An Inclusion Evolution
Over the course of the late 20th and early 21st century, Western society has become an increasingly less hostile place for diverse groups. The paths for various groups that have religious, racial, ethnic, gender or sexual identities that differ from the "mainstream" have taken varying lengths of time. Typically, though, these paths begin with a more or less indifferent tolerance, move gradually toward acceptance and, ultimately, inclusion.

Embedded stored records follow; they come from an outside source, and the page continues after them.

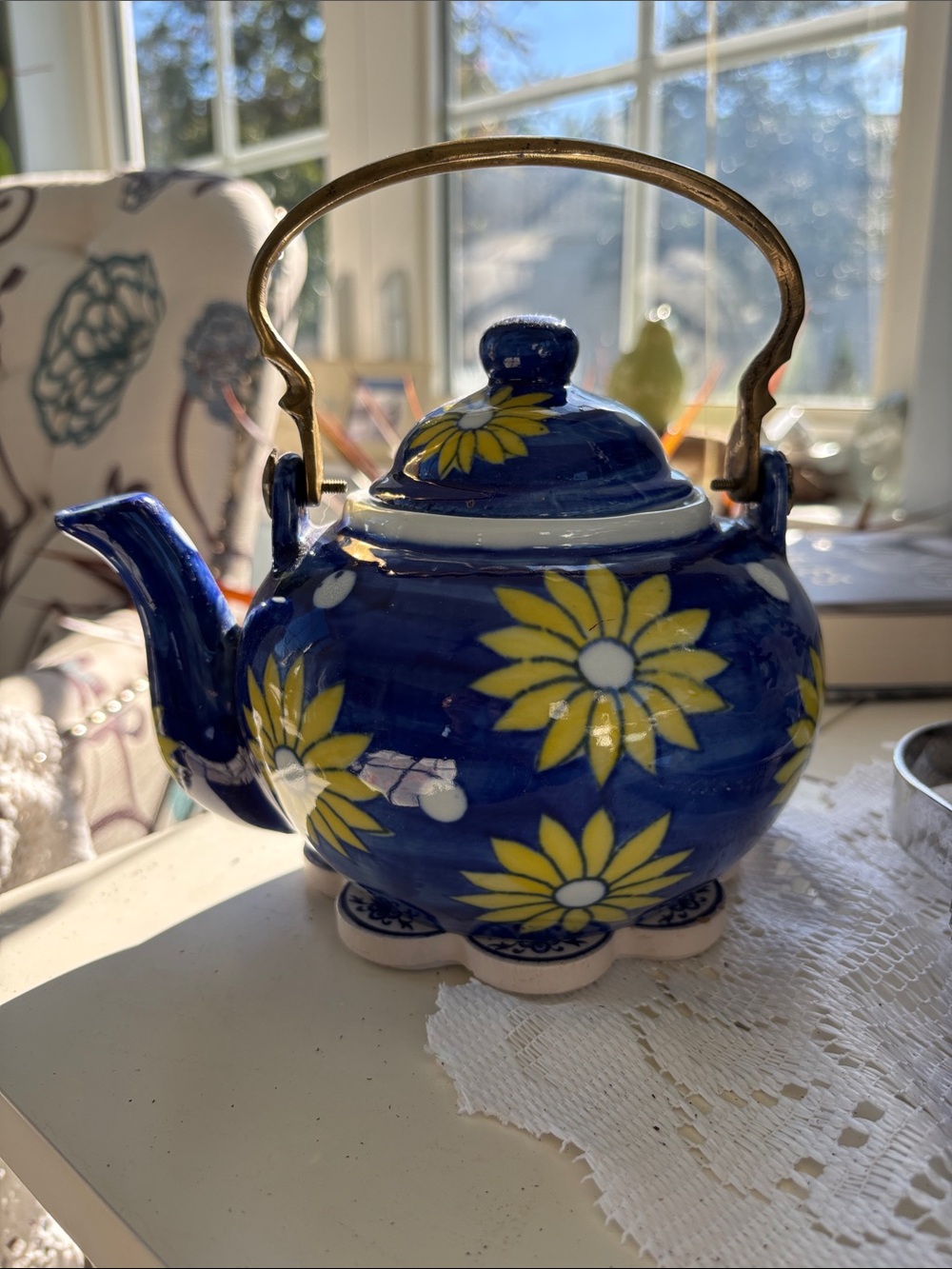 Hand-Painted Blue Ceramic Teapot with Yellow Daisy Motif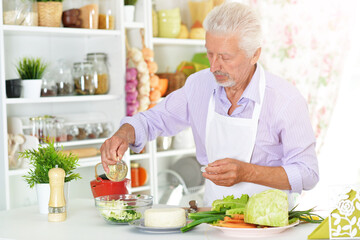 Chef cooking in kitchen, cook preparing food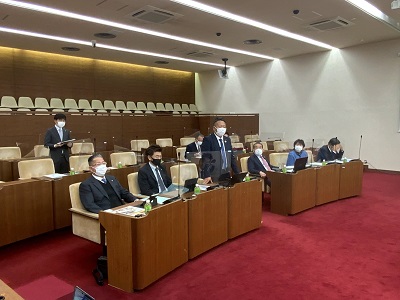 議席前から2列に筑西市議が座っている。最前列中央の男性議員が起立してあいさつをしている。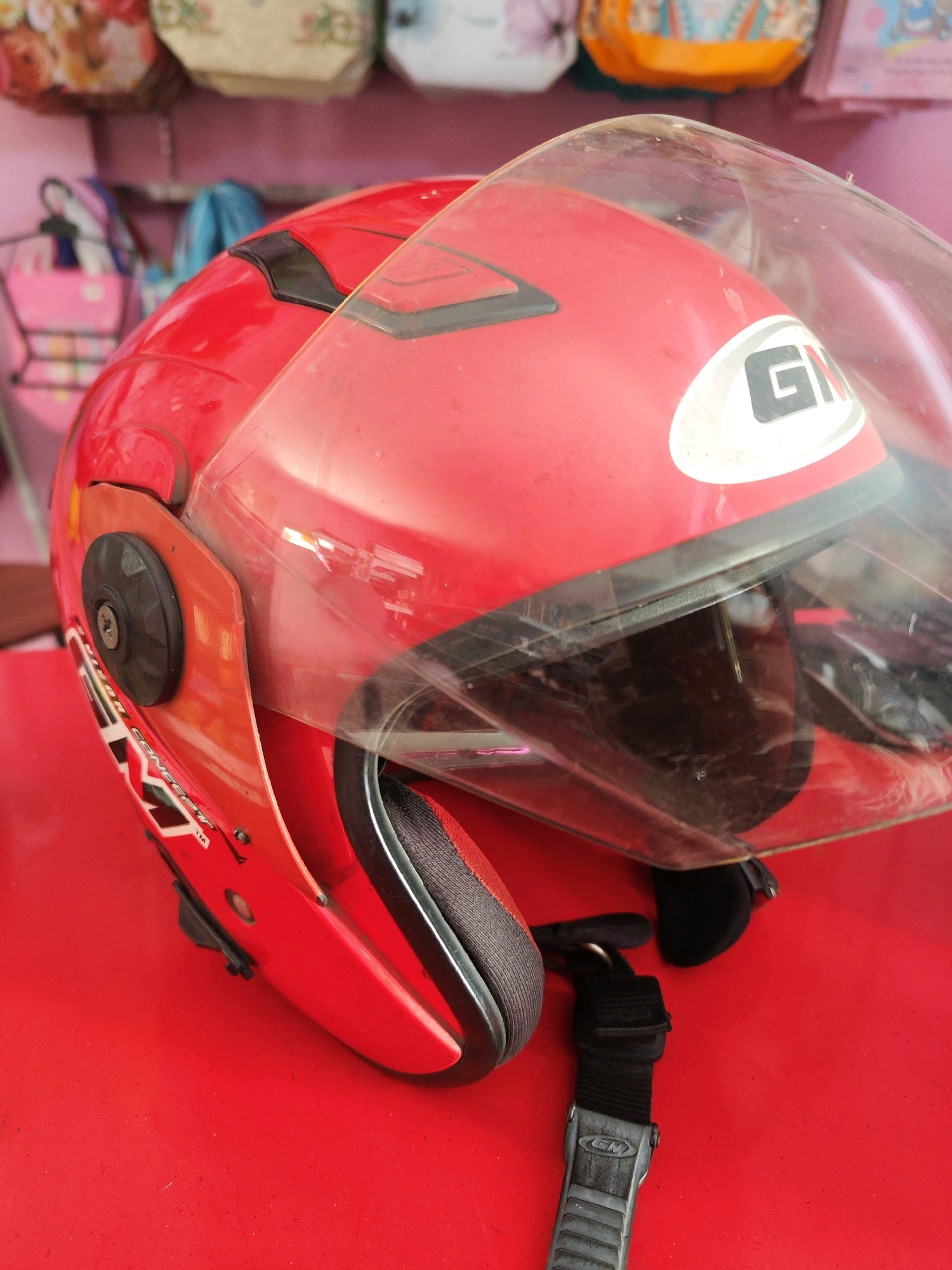 A close-up, eye-level, vertical shot shows a red helmet with a clear visor resting on a red surface, likely a table or floor. The helmet is angled, revealing its side and front. A black strap with a silver buckle is visible, extending from the helmet's chin strap. The background is blurred, showing colorful items that could be bags or merchandise. The lighting is even, casting soft shadows. The image is sharp and detailed, highlighting the texture of the helmet and strap. No people are present in the image. The image was taken in Sragen, Indonesia.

Women, and racial and ethnic minorities, have experienced high-profile struggles along this path for decades. In more recent decades, the struggles of gays and lesbians has become much more visible; acceptance has grown significantly. But, while transgender people have long been included in the "LGTBQ" community, their journey toward acceptance and inclusion has arguably taken longer than that of cisgender homosexual people.
Growing Awareness and Understanding
High-profile debates over something as basic as the ability of a transgender person to choose which bathroom they use have occurred in states like Georgia and Virginia, and even the U.S. Supreme Court. But there are signs of growing acceptance as well. For example, Merriam-Webster added "they" as a nonbinary pronoun earlier this year.
When it comes to inclusion and diversity, we've long called attention to the business case for diversity. Being inclusive expands a company's potential market and gives it a competitive edge in its overall business operations and strategic thinking. These are benefits with their own value in addition to the moral arguments in support of diversity and inclusion, and major companies are taking note. For instance, as part of its Pride + Progress series, CNN has covered stories on moves toward greater transgender and nonbinary inclusivity from companies like Mastercard, Lyft and Tinder.
Yes, Inclusion is a Business Imperative!
Most recently, CNN reported that, "Always sanitary products will remove the Venus symbol, historically used to represent the female sex, from its products to be inclusive of transgender and nonbinary customers." The article notes that the need to purchase these products can be particularly awkward experiences for transgender and nonbinary people. It's a move that may help the Always brand appeal to a relatively ignored potential market. Inclusion is a business imperative.
It should come as no surprise that diversity and inclusion is an ever-evolving concept. As society and the business world continue to understand, accept and value diversity of all kinds, we will all become richer for it. Be inclusive!